Johns, Romita and Janson are telling a story that can only work with Superman as the protagonist

John Romita Jr.: I'm enjoying it more now, after we've gotten through a couple of issues. I was nervous, and now I'm happy to see the results, and realize that we can even get better than what we've done. That's even more exciting.

Klaus Janson: I think that happens with all new projects. There's a certain amount of trying to feel each other out, trying to figure out what we're doing. But I think we're at the point now where we're all really looking forward to the next couple of issues, and building on what we've done already. We can feel and sense that something big is happening here.

John, it's interesting to hear you say you were nervous -- you've certainly drawn a few comics before. Were part of the nerves going to DC for the first time?

Romita: That was only self-imposed. I second-guess myself at the slightest things. I get nervous about things that aren't really that important, but I can't stop myself from overthinking. Especially when you sit at a desk for 12 hours in a row -- your brain starts to collapse on itself. "Oh, my God -- am I going to make a fool out of myself drawing this character?" It was short-lived, and fortunately played itself out within a couple pages of drawing the first issue. I felt much more comfortable after that.

With this new run, clearly you've introduced a lot of new elements, but you've also embraced a lot of familiar things, both storyline-wise and visually. Was it easy to find a starting point of what you want to say with Superman in 2014, to find that entryway into such a famous character?

Geoff Johns: The most universal way into any story is through just the fact of the human condition; being alive, and emotion. Superman's story is timeless. His rocket can land here today, or it can land here 70 years ago. But the way into this story was looking at the stories that have been happening the last few years on "Superman." Saying, "What's Clark Kent experienced?" He's experienced quite a bit. And looking where he is in his life right now. He works at his apartment. He doesn't work for The Daily Planet anymore. There's no one that knows his secret identity, except another superhero.

When we started talking about the book, and I started thinking about all these scenes, where Clark Kent would be able to talk about everything he's experienced, I had to have Batman or Wonder Woman or Green Lantern there. I realized, "Wow, he doesn't really have that many people he talks to anymore." So right away it was, "We've got to bring that Daily Planet cast back in," because they're important to Clark Kent. They're his friends, and he doesn't have friends he grew up with -- he doesn't have cousins or family, or friends from high school. Pete Ross? He's been out of the picture forever. There's no one that really has been a constant in Clark Kent's life since he was a kid, because his parents aren't around anymore, either. To bring Clark back into a world where he can connect with people and friends was the first thing, and then the other side of it was, if we want to explore his isolation and his loneliness, and how he can channel that into something good, let's introduce a character like Ulysses, who in a lot of ways struggles with the same things Clark does, but Clark has the ability to help him overcome it -- or maybe Clark can't overcome it himself.

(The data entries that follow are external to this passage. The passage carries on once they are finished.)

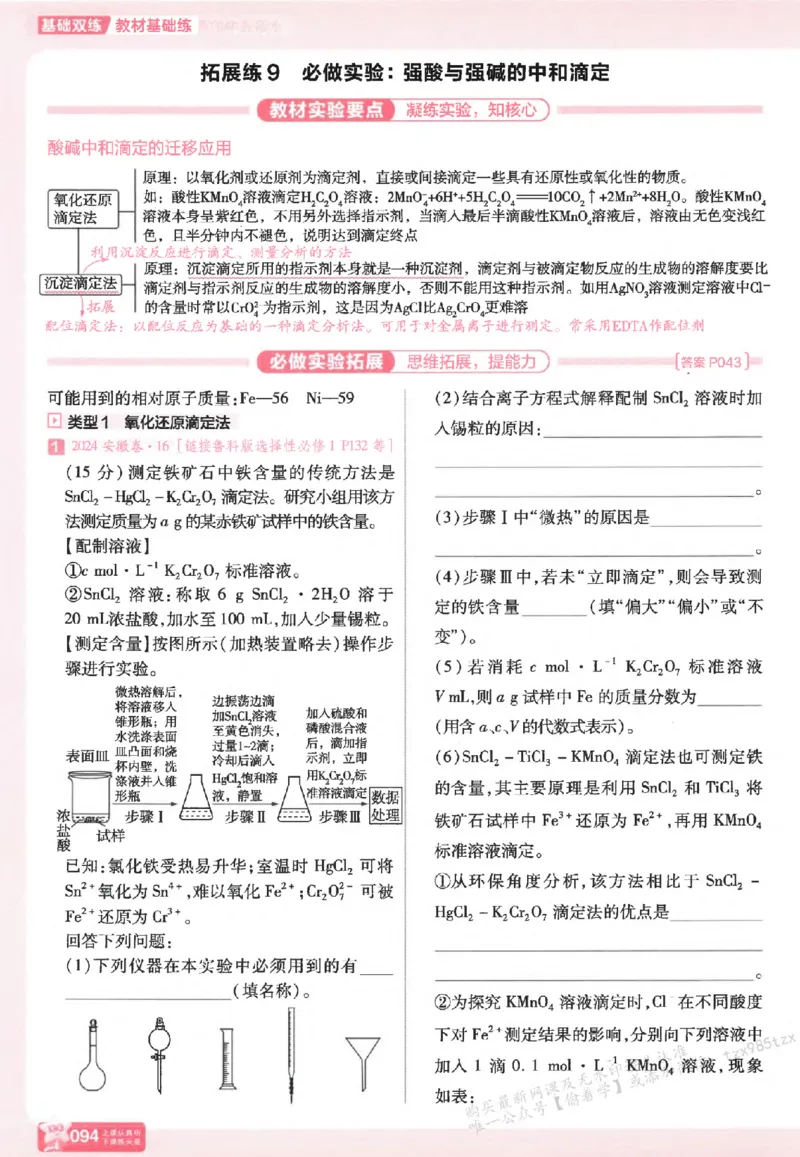 化学_高中三年全科资料_高中_高中1_2026版天星高考《基础双练》九科全套_2026天星高考系列基础双练化学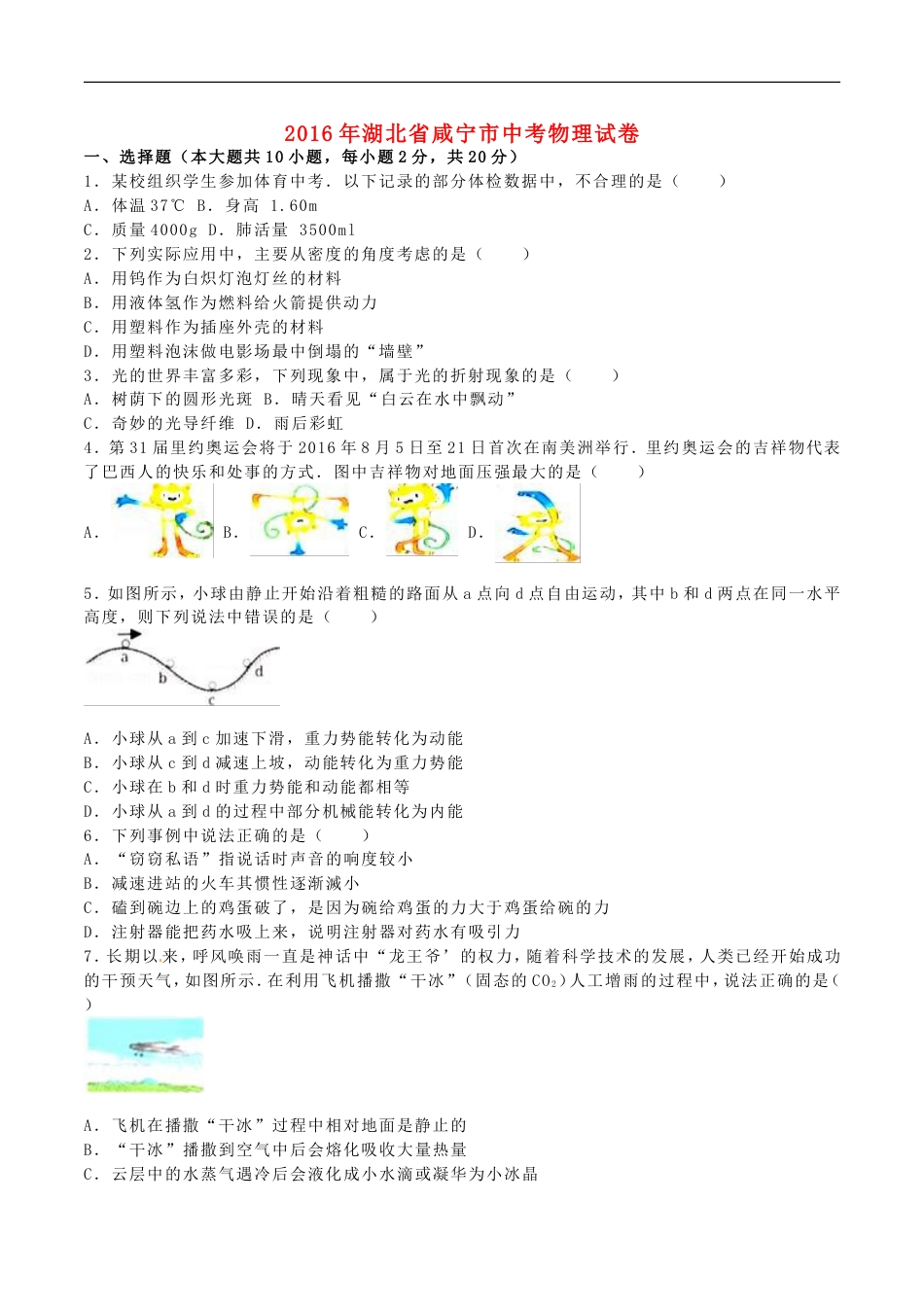 湖北省咸宁市2016年中考物理真题试题（含解析）kaoda.com.DOC_第1页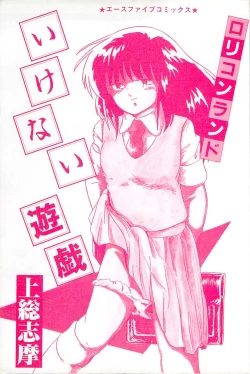 Page 3 of Lolicon Land Ikenai Yuugi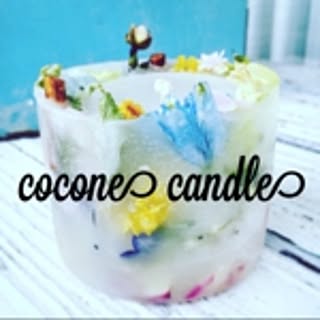 coconecandle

Janson: You know what I really liked about that scene in the first issue that you're referring to, was just how succinct it was, and how specific. With such a small amount of dialogue, you were able to convey exactly what you're talking about -- his entire situation, his entire personality, his entire emotional state. I have to hand it to you, it was terrific.

It's important to introduce new elements into the Superman mythos while recognizing and utilizing the character's classic supporting cast

Romita: I agree with that. People ask, "How do you draw this a certain way? How do you tell a story?" I have the same question. After all of these years of working with writers, I want to know exactly that point. You get this broader story, you get the emotion of the personal stuff and the action, and you get it succinctly. That's amazing to me. More amazing than the artwork, sometimes. I have this block -- "How would I do that? How do I get this part of the story conveyed in dialogue without overtelling it?" [Johns'] dialogue is brilliant. His dialogue tells stories.

Janson: The tendency is, if you are a writer, you want to write. I think it's a measure of your restraint -- and let me say virtuosity -- that you're able to write in a very succinct way. I think that was a brilliant scene.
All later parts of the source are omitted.